For about 24 hours this week, I gathered at the Avila Retreat Center in Durham with a group of pastors in CBFNC churches to engage in conversation about ‘pastoral leadership in divisive times.’ Convened by our own Chris Gambill and Larry Hovis, this small group of pastors ranged in tenure from three years to thirty-five in their churches, across a variety of theological, political, and ideological persuasions, but our churches from one side of the state to the other all share much in common. All are what we’d call ‘big tent’ churches, those who would hold within a diversity of individuals and perspectives.
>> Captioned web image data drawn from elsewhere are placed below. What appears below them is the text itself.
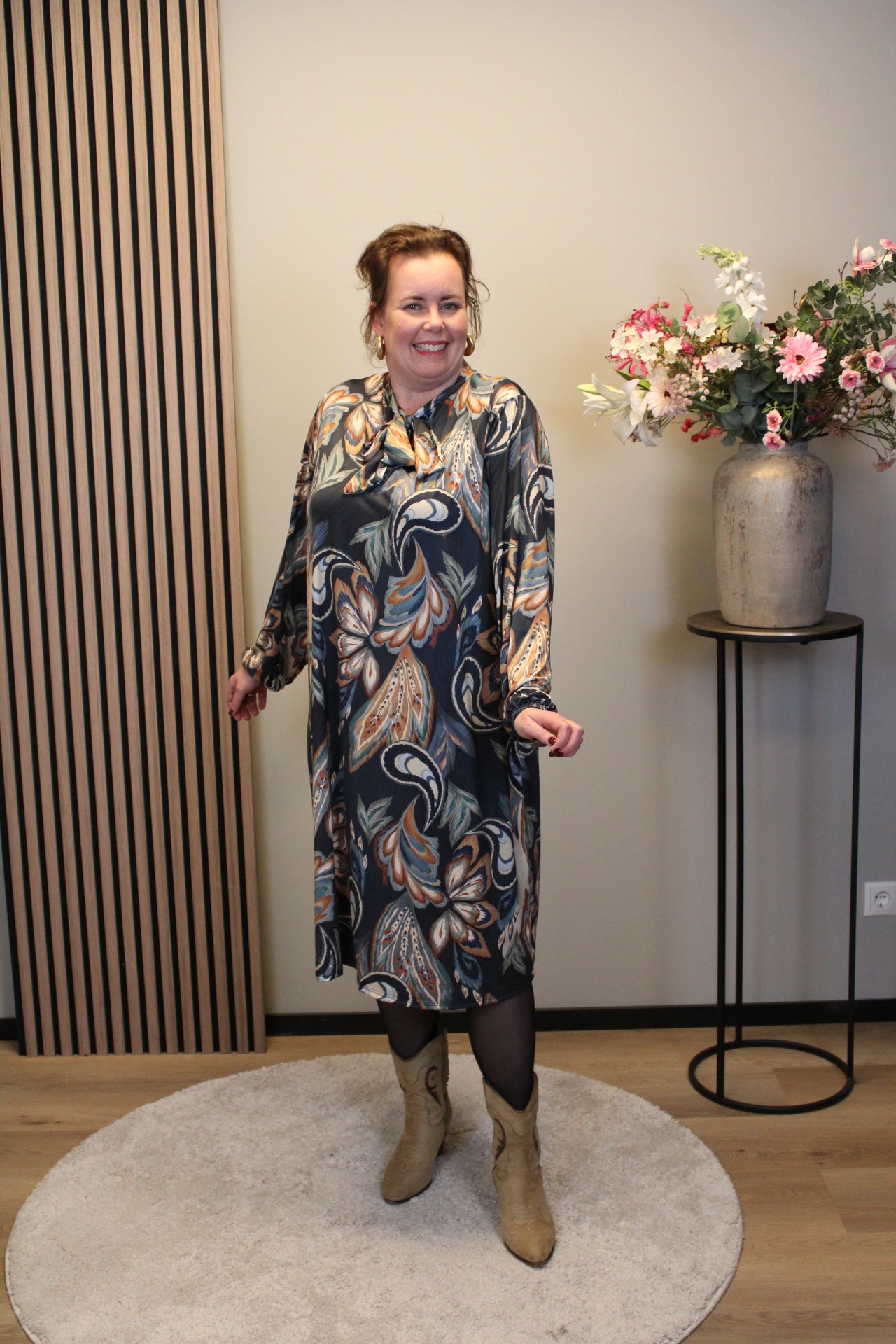 Soliya | Jurk met strikje blauw lange mouw 50 t/m 54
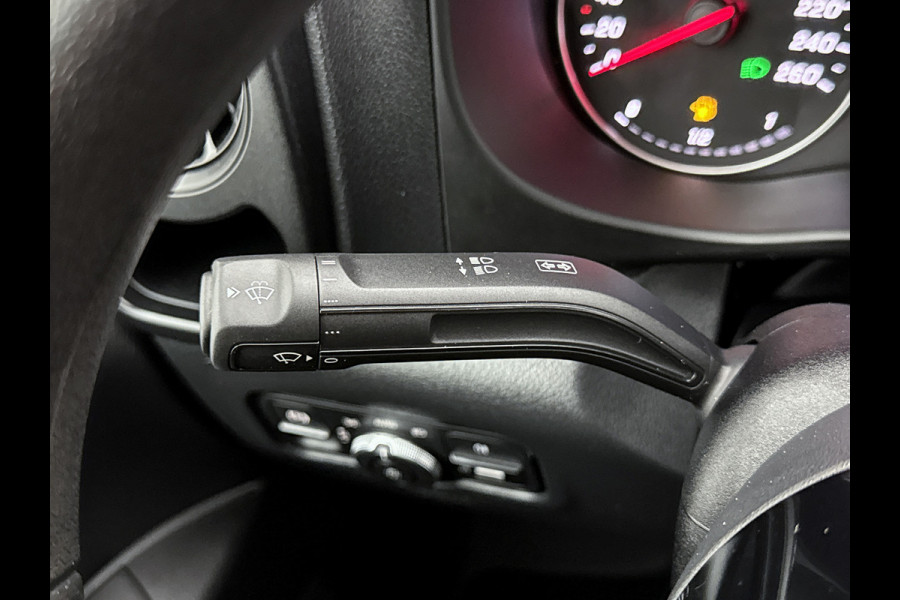 Mercedes-Benz Vito 116 CDI L2 Pro Led Obsidian zwart Trekhaak Parkeerpakket Carplay Cruise control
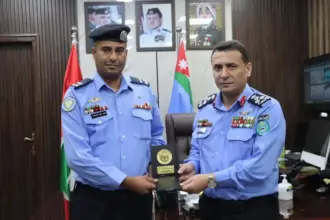 تكريم وكيل في شرطة العقبة لإنقاذه فتاة من الغرق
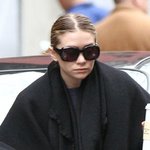 담요같은 코트 걸친 애슐리 <b>올슨</b>ㅎㅎ;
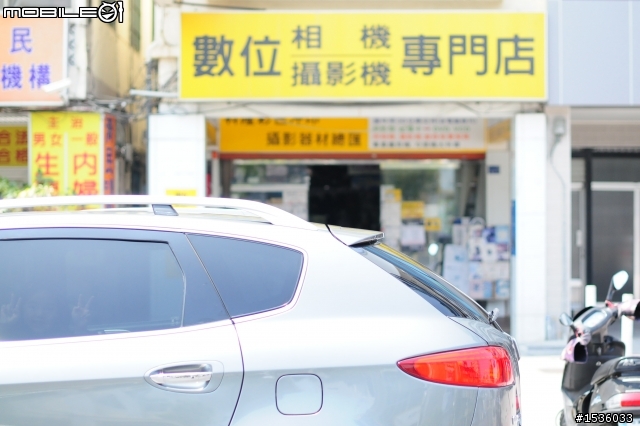 新買定焦鏡以Luxgen SUV當開箱照，記錄Luxgen、記錄生活。祝大家清明假期愉快！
And yet all of us acknowledged freely that this strength of diversity and breadth of conviction within our churches are also an increasing challenge as our world grows more polarized every day. Together, we lamented the angst that arises in our churches when divisive topics emerge, whatever the context of those conversations may be. We named the fear we feel to even have certain conversations, worrying about the quick and understandable anger that can crop up when passions are stoked. We wondered together if it continues to be possible for a diverse body of people to hold differing individual convictions, share them openly and authentically with each other, grow through our difference, and still unite for a shared witness to our common mission. Then we were inspired by the call of Jesus’s disciples that held together in common mission Simon the Zealot, whose life purpose was to overthrow the Roman government, and Matthew the tax collector, who openly aligned himself with the Roman government. We returned again to scripture, to the shape of Christian community subject to each other and living in peace with one another. We celebrated our Baptist principles that bind us up with the Lordship of Christ and the authority of scripture, while exercising the freedom of the individual conscience to live into the particular shape of one’s obedience to God in Christ. We shared resources — books, articles, people, websites, ideas, inspiration — that can help us all navigate these troubled times. And we began to imagine how courageous and crucial conversations might unfold among real people in our real churches.

For it became ever clearer to us that Christian discipleship in 2018 and beyond must equip us all to be good listeners, to value people over position, to cultivate safe space for important conversations and deep trust that we can disagree over matters we hold dear while agreeing to remain in fellowship with one another, and to live out our unity in Christ which surpasses all other. In the words of Paul, instead of ‘being conformed to the patterns of this world’ — patterns in 2018 that look like outrage and hyper-partisanship, 24/7 news coverage and echo chambers of our own making — in our Christian journey, we are to ‘be transformed by the renewing of your minds,’ discerning the good will of God.

Does that involve risk? Absolutely. Are we hopeful? Persistently so. Is there promise of life and transformation? Most certainly. For Jesus’s resurrection promises to the world are as crucial now as they were more than two thousand years ago: “peace be with you! Do not be afraid.”